In this project, we used ARMA + GARCH models and discrete-time stochastic volatility model (Pomp) to fit the log return data of Apple stock. Through model construction, fitting, and diagnostics, we found that the gjrGARCH model demonstrated better fitting performance than Pomp model. On the other hand, the Pomp model showed potential issues with misspecification and weak identification, which require further investigation.
Our work also has several limitations. Due to time constraints and limited computational resources, we were unable to use a sufficient number of guesses when computing the profile log-likelihood over \(\phi\) in the Pomp Model. Additionally, we did not carry out further improvements to the Pomp model. We believe that with more time to refine the model, there is significant room for improvement.
For this assignment, we referred to previous coursework and peer comments. We primarily built upon the methodology from (14), but addressed some of its limitations. Notably, we observed that Project 11 placed limited emphasis on ARMA modeling, which is crucial for capturing autocorrelation structures in financial time series. In our approach, we placed greater focus on residual diagnostics, ensuring that the standardized residuals from our GARCH models behaved like white noise. To this end, we employed the Box-Ljung test and ARCH-LM test to verify the absence of serial correlation and remaining ARCH effects. Furthermore, we incorporated EGARCH and GJR-GARCH models to account for asymmetries in volatility—an essential feature when modeling highly volatile assets such as Apple Inc. (AAPL). Unlike previous work that prioritized model selection solely based on AIC, we emphasized the explanatory power and interpretability of the ARMA-GARCH family in capturing key stylized facts of financial data. We also use the comparison idea from (15), and we added analysis fro potential reasons why ARMA-GARCH models are better than Pomp models.

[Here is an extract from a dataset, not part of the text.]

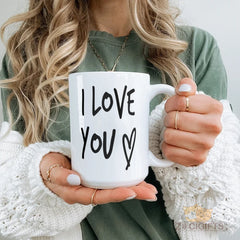 I LOVE YOU Mug - Classic Black & White Ceramic Coffee Cup with Heart, Perfect Valentine's Day, Anniversary, Wedding Gift for Wife, Husband, Girlfriend, Boyfriend, Couples, Also Ideal as Birthday, Christmas, Mother's Day Gift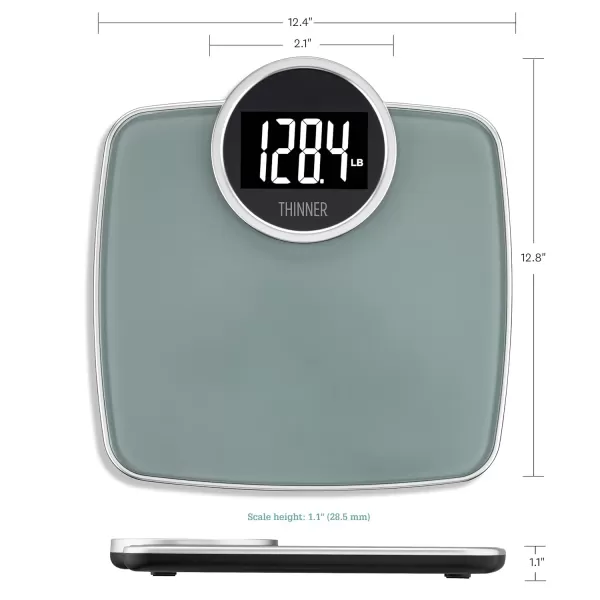 Thinner by Conair Scale for Body Weight, Digital Bathroom Scale with Body Fat, Muscle and BMI in Black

We also noticed that (16) used basically the same dataset as we do. Compared to their work and the original POMP model, we added more extensive analysis and diagnostics regarding model performance. Although we did not have enough time to modify the model itself, we still conducted a thorough evaluation. Additionally, we identified certain limitations of the POMP model when applied to this particular dataset.
ChatGPT (17) was used to assist with debugging, formatting and consultation. However, all ideas and methods were independently developed by our team members.